▶ Aim of the exercise: Using the data below, restate exactly every line from the one with "2018 Honda Accord" up to and including the one with "item-0b5ef76dcc/934756-c3155f76abf2". No picture belongs in it.

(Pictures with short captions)
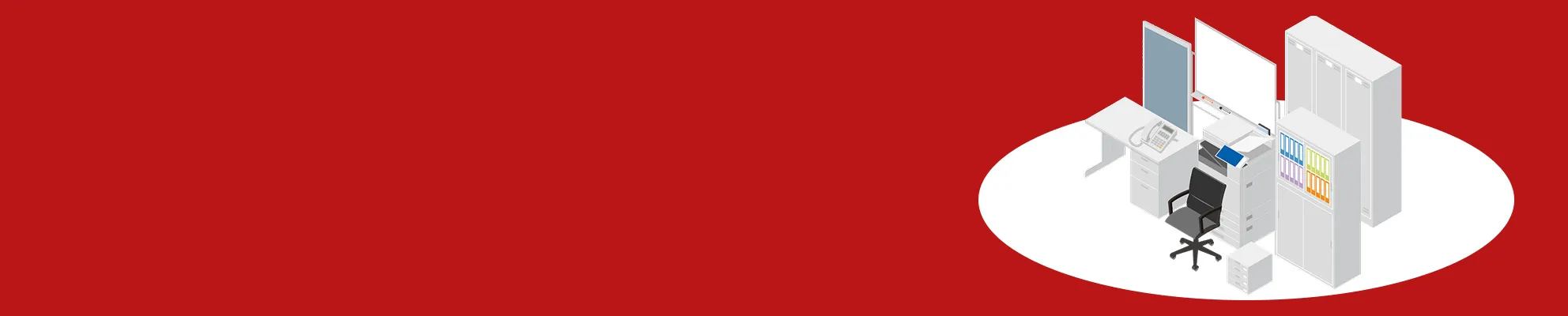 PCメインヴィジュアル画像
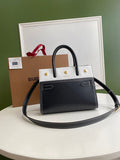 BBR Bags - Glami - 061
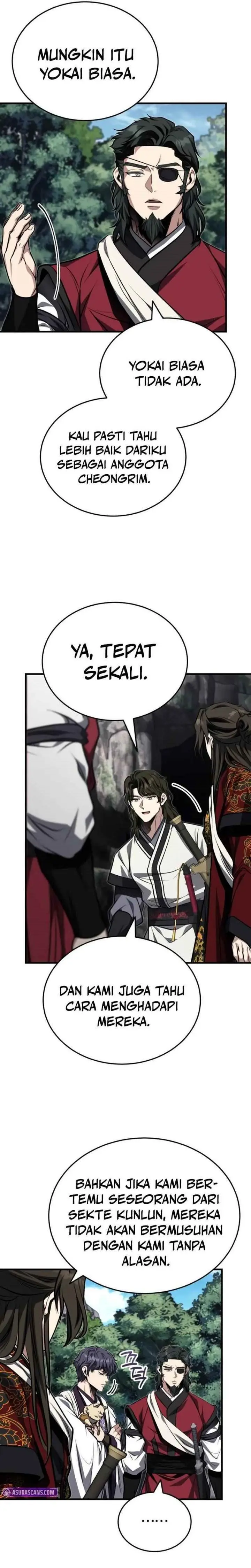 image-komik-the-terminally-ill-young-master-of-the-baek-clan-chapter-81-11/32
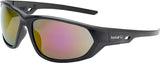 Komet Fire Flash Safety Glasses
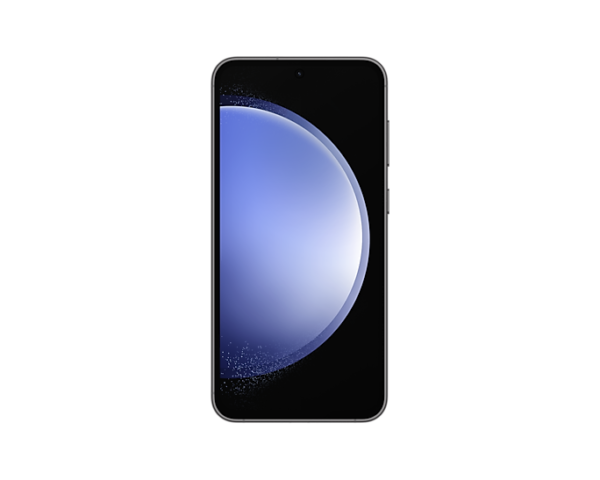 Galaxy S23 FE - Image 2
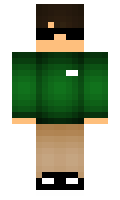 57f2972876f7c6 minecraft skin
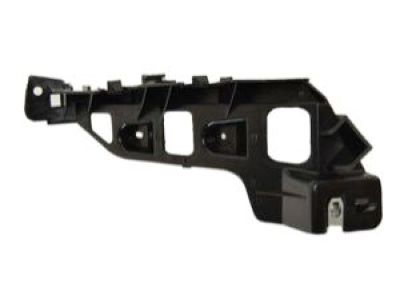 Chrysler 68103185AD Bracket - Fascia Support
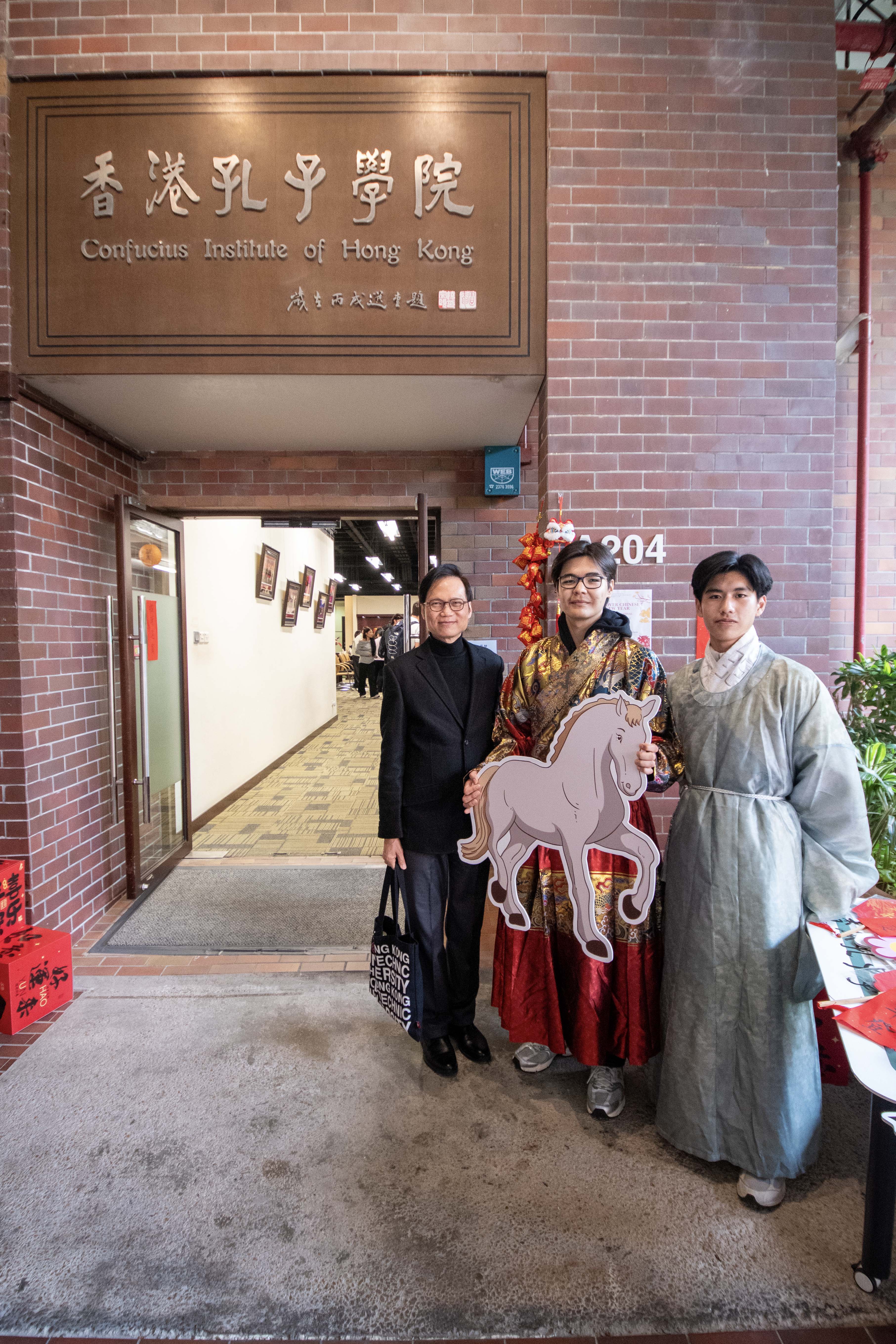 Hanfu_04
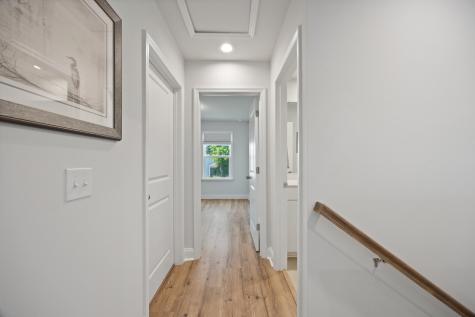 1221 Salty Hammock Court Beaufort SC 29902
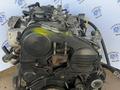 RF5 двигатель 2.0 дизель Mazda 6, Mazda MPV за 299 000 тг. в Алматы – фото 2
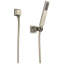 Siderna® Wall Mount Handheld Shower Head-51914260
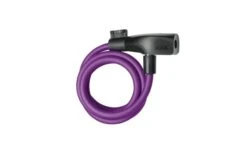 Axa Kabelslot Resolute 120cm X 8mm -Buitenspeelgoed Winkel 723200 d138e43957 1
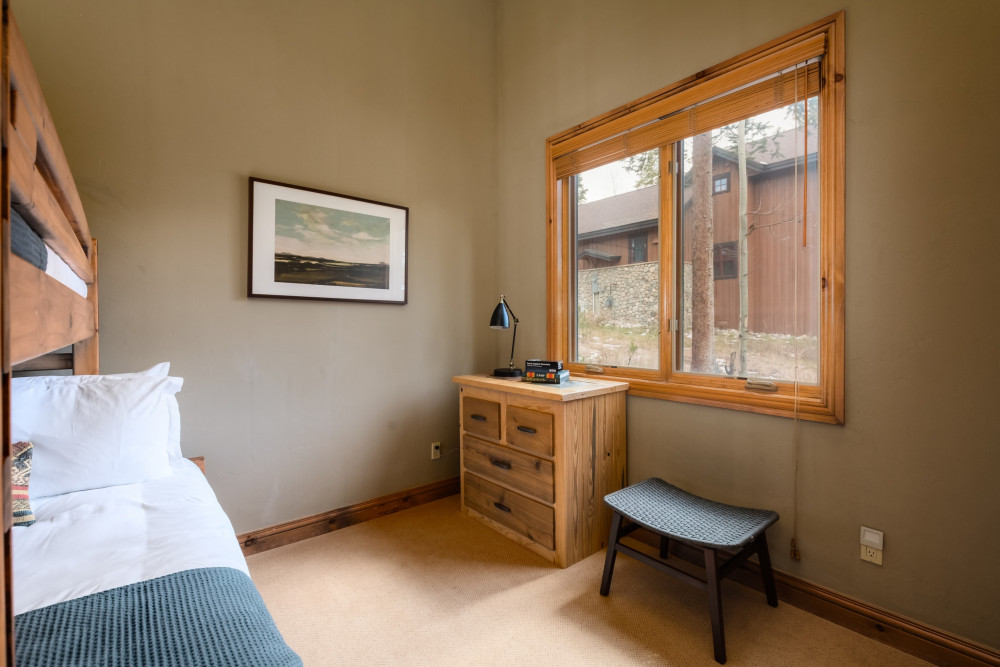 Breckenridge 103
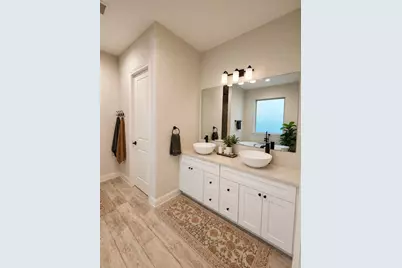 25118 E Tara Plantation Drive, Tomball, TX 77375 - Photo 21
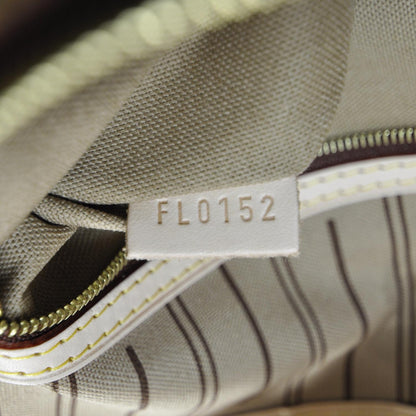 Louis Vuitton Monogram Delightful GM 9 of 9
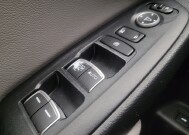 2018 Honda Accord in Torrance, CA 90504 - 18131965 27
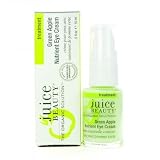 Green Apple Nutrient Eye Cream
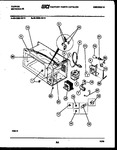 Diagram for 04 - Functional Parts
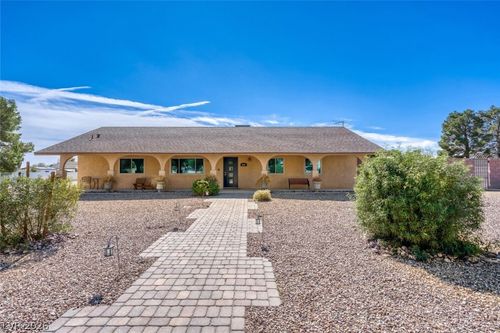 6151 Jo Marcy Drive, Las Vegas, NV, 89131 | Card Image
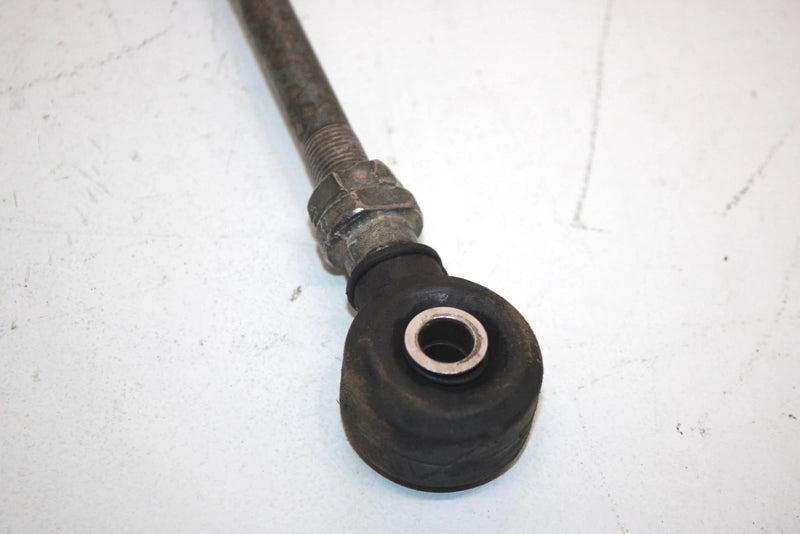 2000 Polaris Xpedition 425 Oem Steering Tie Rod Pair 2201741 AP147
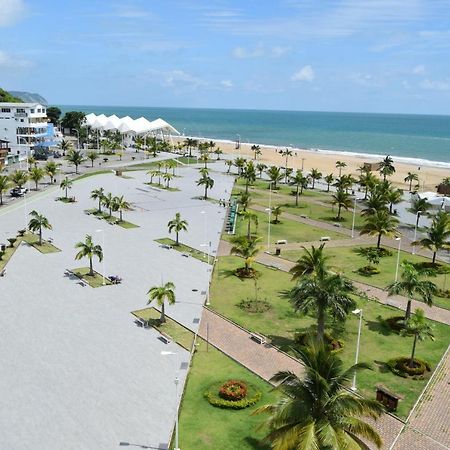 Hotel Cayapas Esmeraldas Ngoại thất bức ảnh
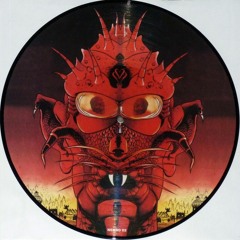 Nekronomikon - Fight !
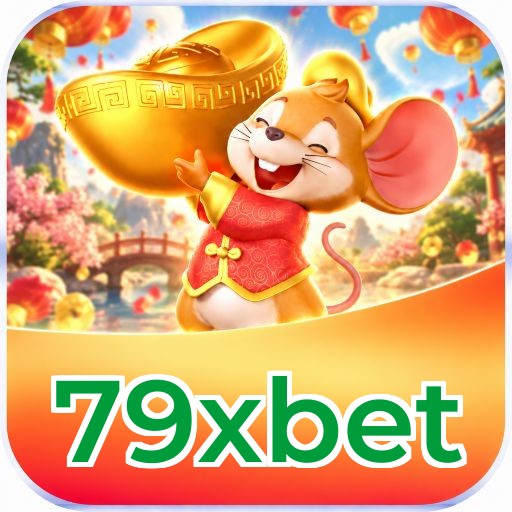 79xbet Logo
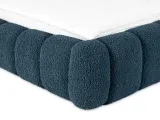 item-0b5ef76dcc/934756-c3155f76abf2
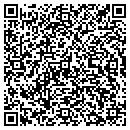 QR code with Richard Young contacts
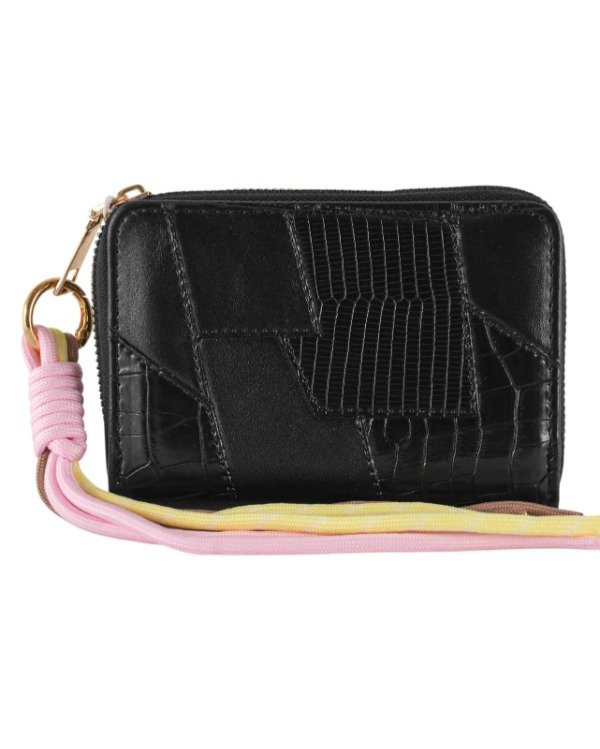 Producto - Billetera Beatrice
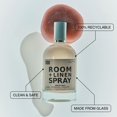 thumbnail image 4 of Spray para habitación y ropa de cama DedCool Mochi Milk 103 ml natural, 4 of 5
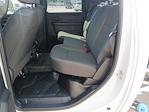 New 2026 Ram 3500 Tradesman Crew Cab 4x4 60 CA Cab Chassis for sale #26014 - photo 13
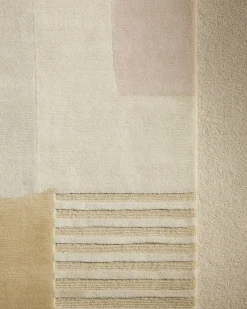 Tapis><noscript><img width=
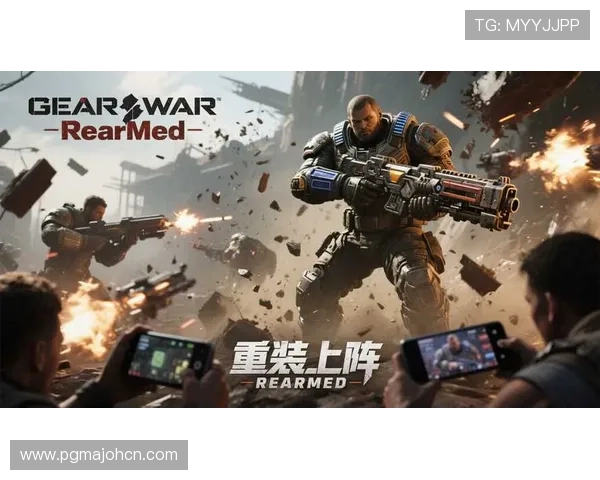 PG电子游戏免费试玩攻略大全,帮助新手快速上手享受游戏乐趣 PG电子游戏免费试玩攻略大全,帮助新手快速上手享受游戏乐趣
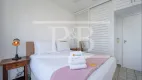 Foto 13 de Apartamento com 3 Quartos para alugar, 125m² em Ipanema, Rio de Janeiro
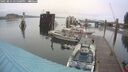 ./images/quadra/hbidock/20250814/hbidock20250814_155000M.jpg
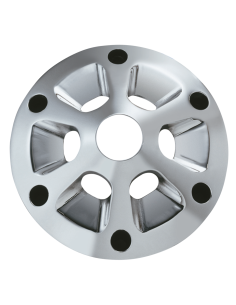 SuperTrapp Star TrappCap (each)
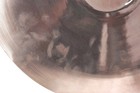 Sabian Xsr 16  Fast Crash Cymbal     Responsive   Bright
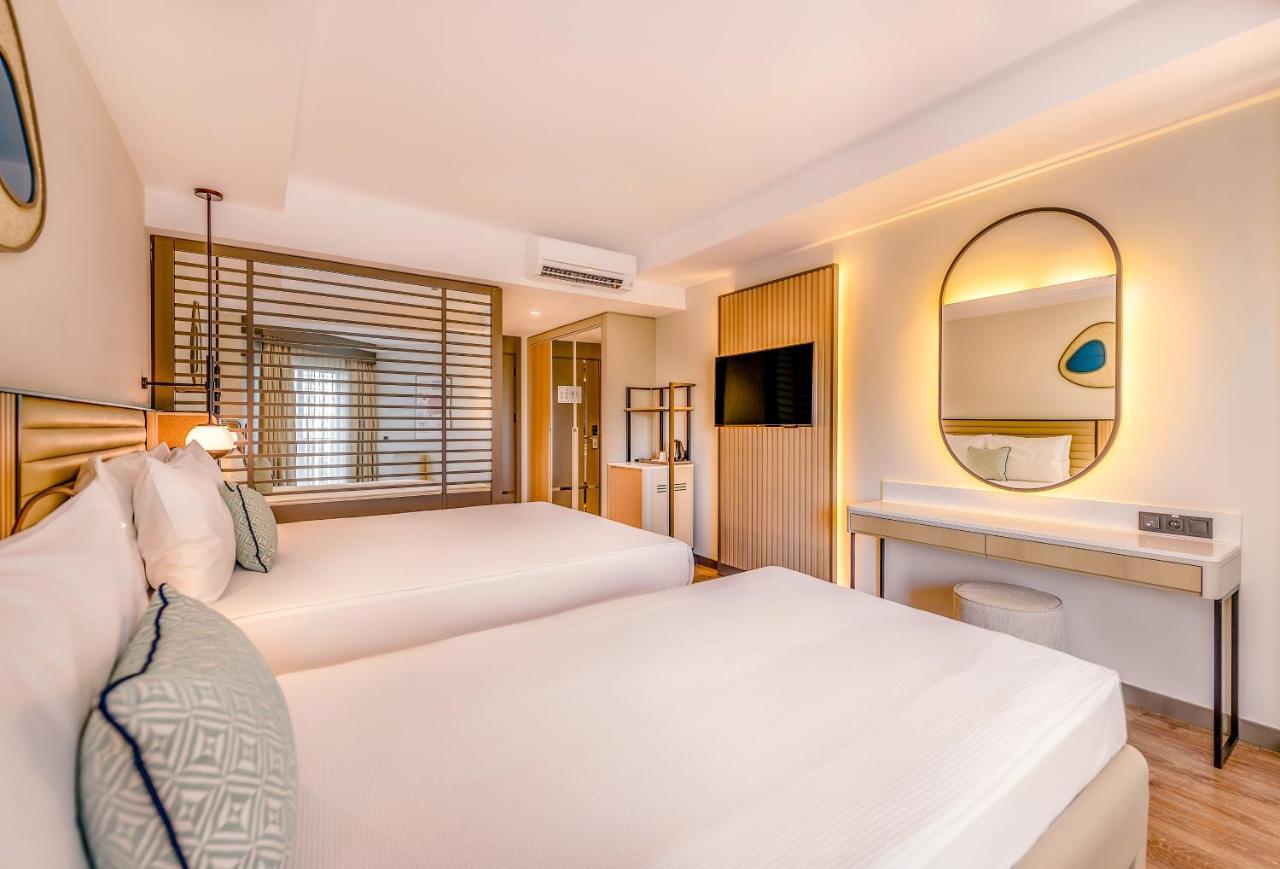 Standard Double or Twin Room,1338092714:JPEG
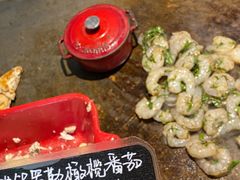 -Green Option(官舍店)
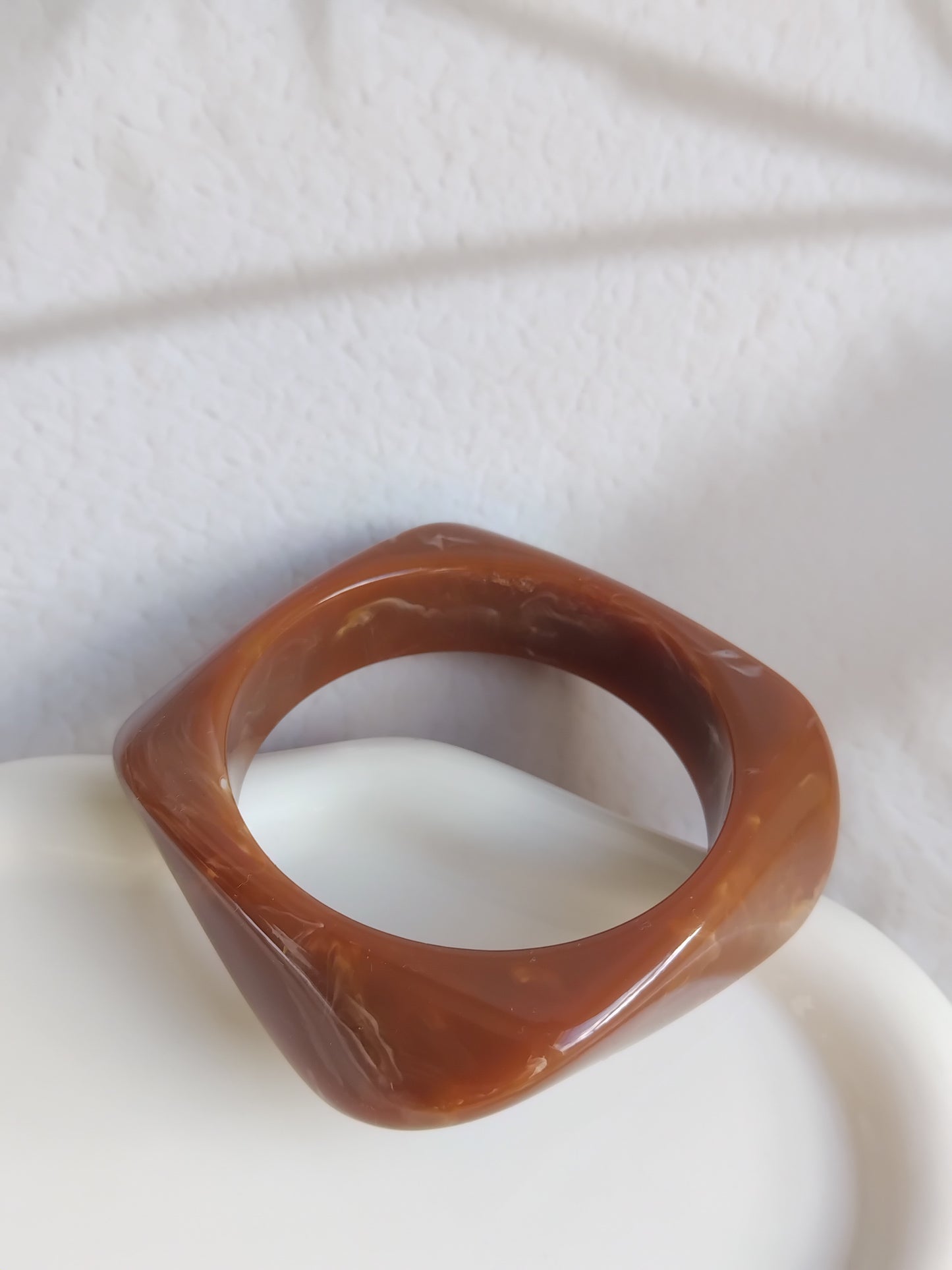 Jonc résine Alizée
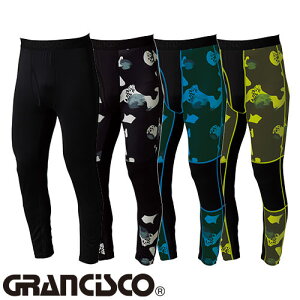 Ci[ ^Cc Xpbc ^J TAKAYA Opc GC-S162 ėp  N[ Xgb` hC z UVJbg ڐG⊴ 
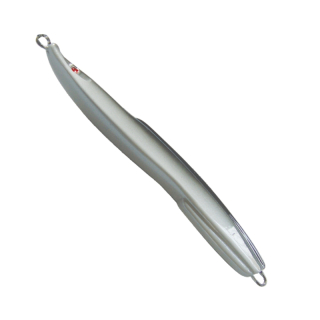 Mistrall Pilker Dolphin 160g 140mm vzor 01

▶ Result below:
 2018 Honda Accord in Torrance, CA 90504 - 18131965 27
 Green Apple Nutrient Eye Cream
 Diagram for 04 - Functional Parts
 6151 Jo Marcy Drive, Las Vegas, NV, 89131 | Card Image
 2000 Polaris Xpedition 425 Oem Steering Tie Rod Pair 2201741 AP147
 Hotel Cayapas Esmeraldas Ngoại thất bức ảnh
 Nekronomikon - Fight !
 79xbet Logo
 item-0b5ef76dcc/934756-c3155f76abf2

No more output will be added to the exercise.